Data extracted from a collection:

********************

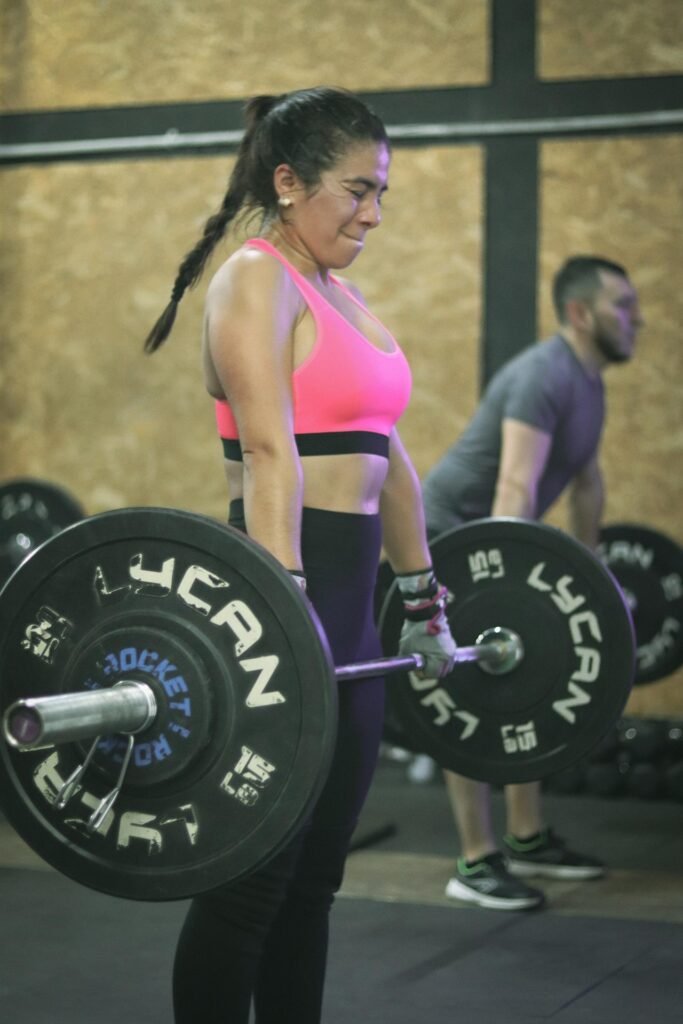 Woman Performing Barbell Deadlift for Hypertrophy Training Woman doing a barbell deadlift in the gym to build muscle through hypertrophy training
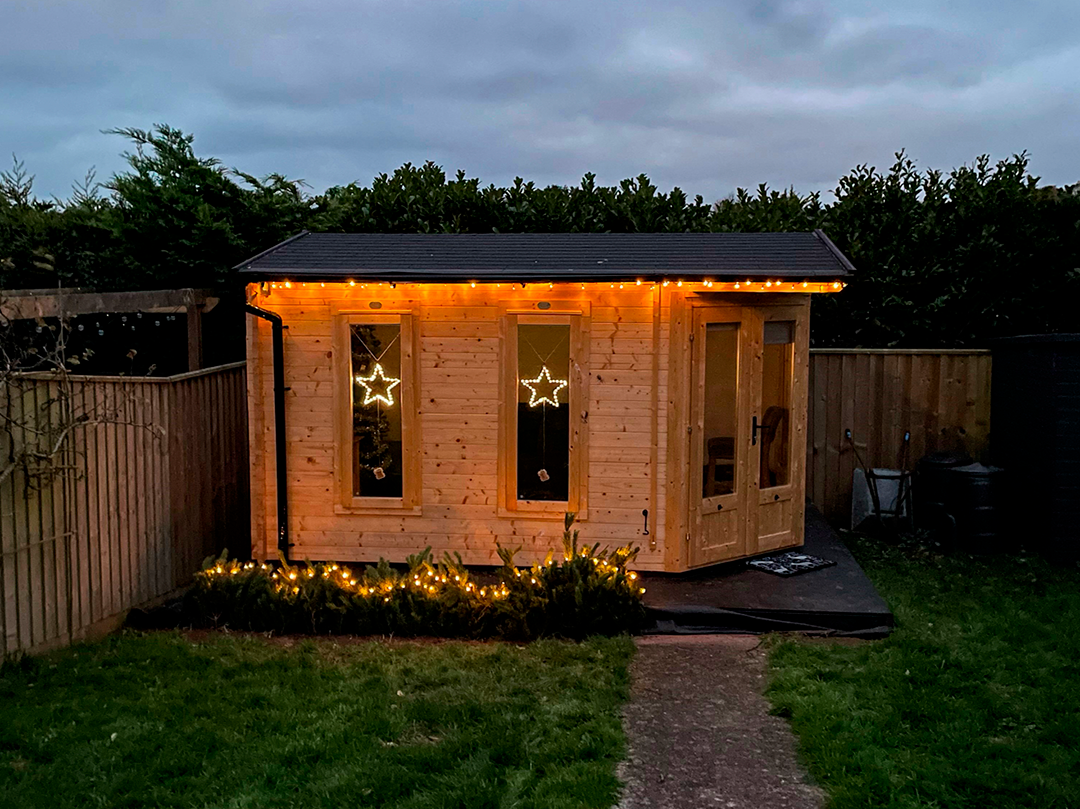 DaftBadger log cabin decorated for the festive period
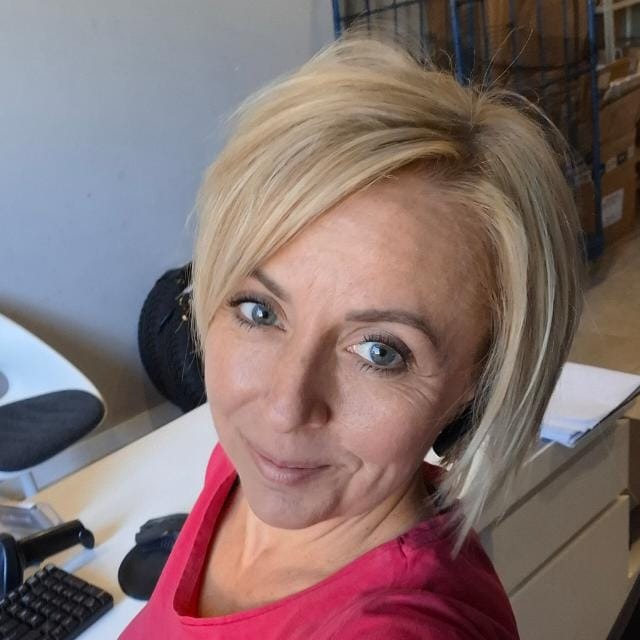 Portret kobiety z krótkimi blond włosami, uśmiechającej się do kamery, w biurowym otoczeniu z biurkiem i komputerem. Widoczne regały w tle.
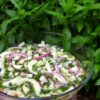 A bowl of cucumber salad sitting. in front of a bunch of mint.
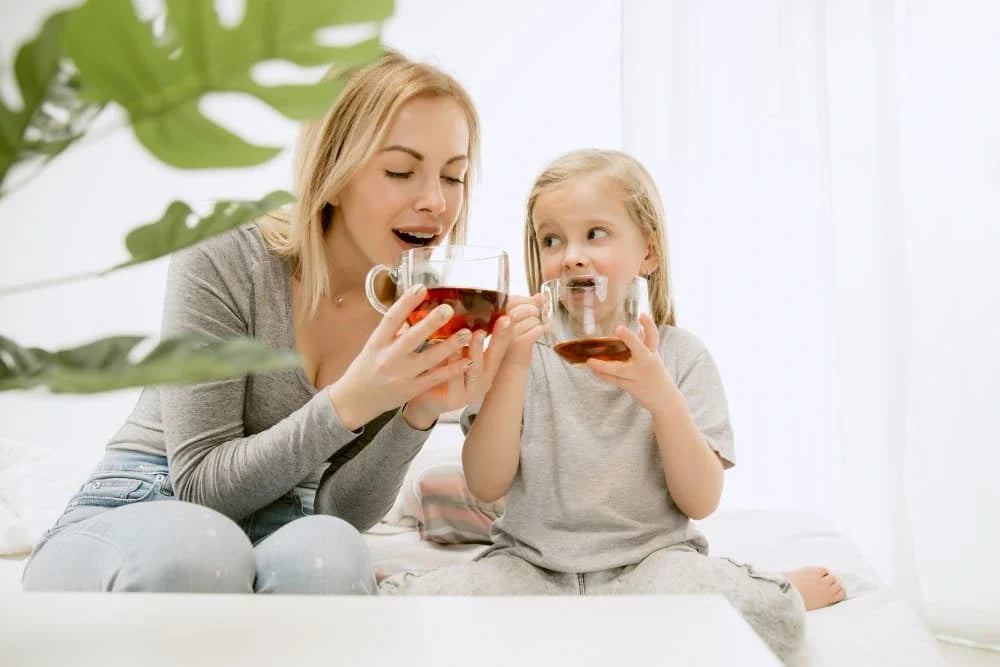 Mãe e filha segurando xícaras de chá juntas em ambiente caseiro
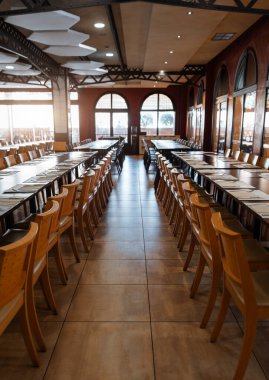 Uzun ahşap masalar ve bir grup etkinliği veya ziyafete hazırlanan sıralar, kemerli pencerelerden yansıyan sıcak güneş ışığı, geniş açılı dikey çekim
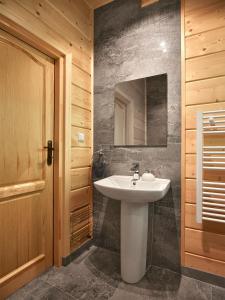 a bathroom with a white sink and a mirror at Pienińska Chata in Krościenko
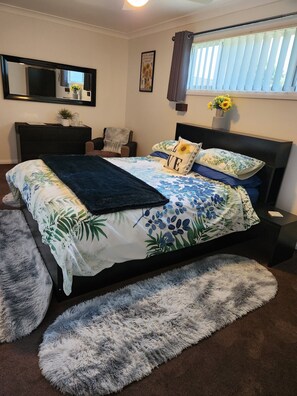 Lovely separate Master Bedroom with TV and armchair for privacy from otherguests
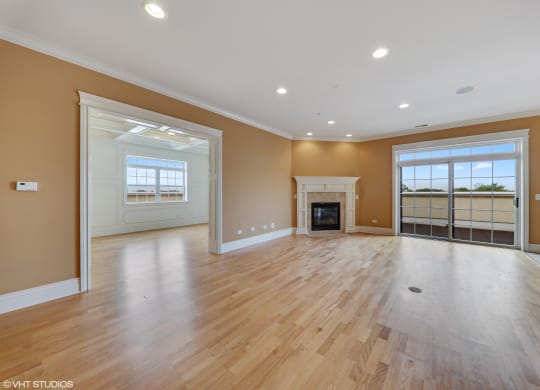 an empty living room with wood floors and a fireplace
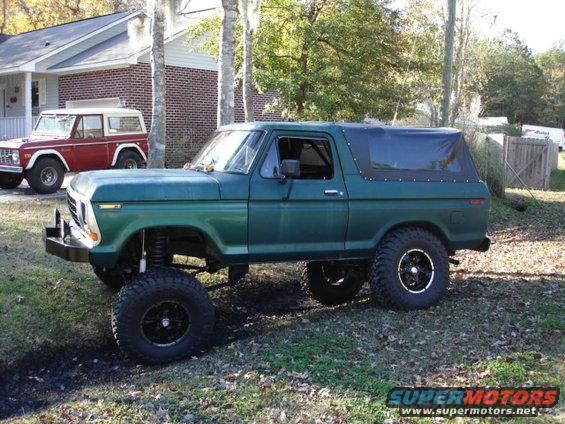 Lifted green Ford Bronco with soft top parked next to a red Ford Bronco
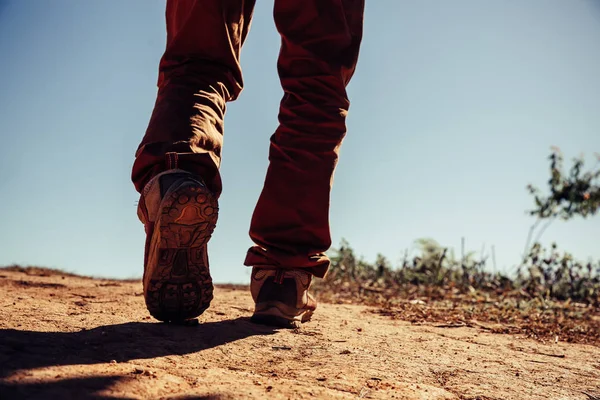 hiking shoes in action on a mountain desert trail path. Close-up of male hikers shoes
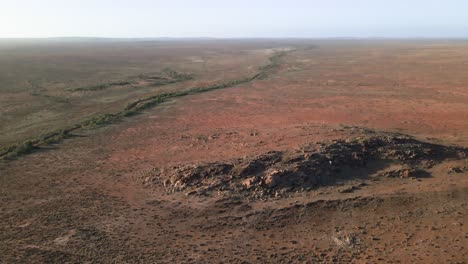 Luftaufnahme-Des-Australischen-Outbacks-Mit-Roten-Felsen-Und-Einem-Von-Bäumen-Gesäumten-Flussbett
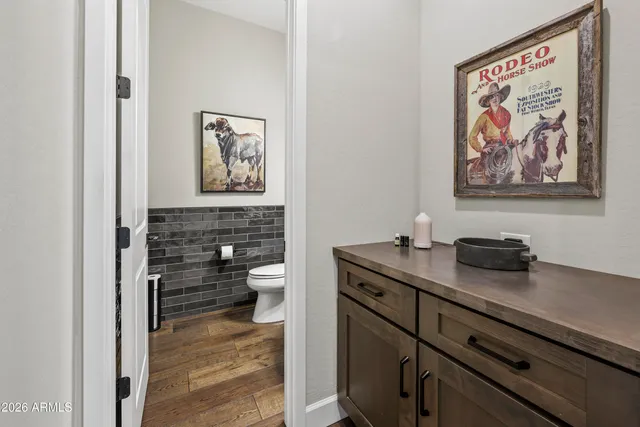 a bathroom with a toilet a sink and mirror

********************

What needs to be done: The answer should contain only the lines from the start of the records above through the line with "Mãe e filha", copied exactly, and no pictures.

Answer area:
 Woman Performing Barbell Deadlift for Hypertrophy Training Woman doing a barbell deadlift in the gym to build muscle through hypertrophy training
 DaftBadger log cabin decorated for the festive period
 Portret kobiety z krótkimi blond włosami, uśmiechającej się do kamery, w biurowym otoczeniu z biurkiem i komputerem. Widoczne regały w tle.
 A bowl of cucumber salad sitting. in front of a bunch of mint.
 Mãe e filha segurando xícaras de chá juntas em ambiente caseiro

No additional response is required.